This configures Vespa to create a new rank profile named popularity, which inherits all the default rank-profile properties; only properties that are explicitly defined, or overridden, will differ from those of the default rank-profile.
- function popularity
This sets up a function that can be called from other expressions. This function calculates the number of clicks divided by impressions for indicating popularity. However, this isn’t really the best way of calculating this, as an article with a low number of impressions can score high on such a value, even though uncertainty is high. But it is a start :)
- first-phase
Relevance calculations in Vespa are two-phased. The calculations done in the first phase are performed on every single document matching your query. In contrast, the second phase calculations are only done on the top n documents as determined by the calculations done in the first phase. We are just going to use the first-phase for now.
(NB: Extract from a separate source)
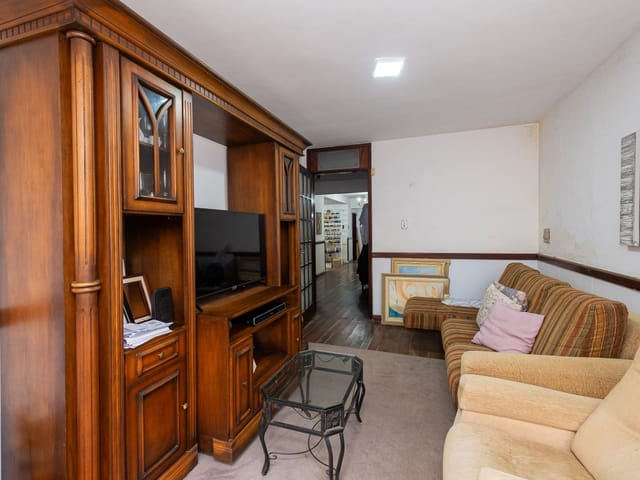 Casa com 327m² 4 quartos e 3 banheiros, à venda ou para alugar, no bairro Areal em Pelotas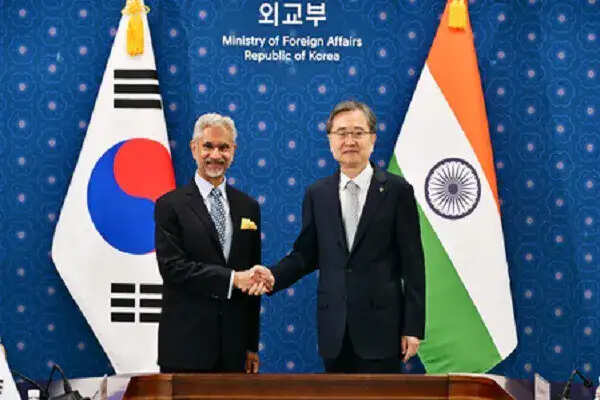 भारत और दक्षिण कोरिया के बीच द्विपक्षीय सहयोग को बढ़ावा देने की चर्चा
- expression: nativeRank + 10 * popularity
This expression is used to rank documents. Here, the default ranking expression — the nativeRank of the default fieldset — is included to make the query relevant, while the second term calls the popularity function. The weighted sum of these two terms is the final relevance for each document. Note that the weight here, 10, is set by observation. A better approach would be to learn such values using machine learning, which we'll get back to in future posts.
Since we have changed the application package, we need to redeploy our application:
app = vespa_docker.deploy(
application_package=app_package,
)
app.deployment_message
When the redeployment is complete, we can use it to rank the matched documents by using the ranking
argument.
res = app.query(body={
"yql" : "select * from sources * where default contains 'music';",
"ranking" : "popularity"
})
res.hits[0]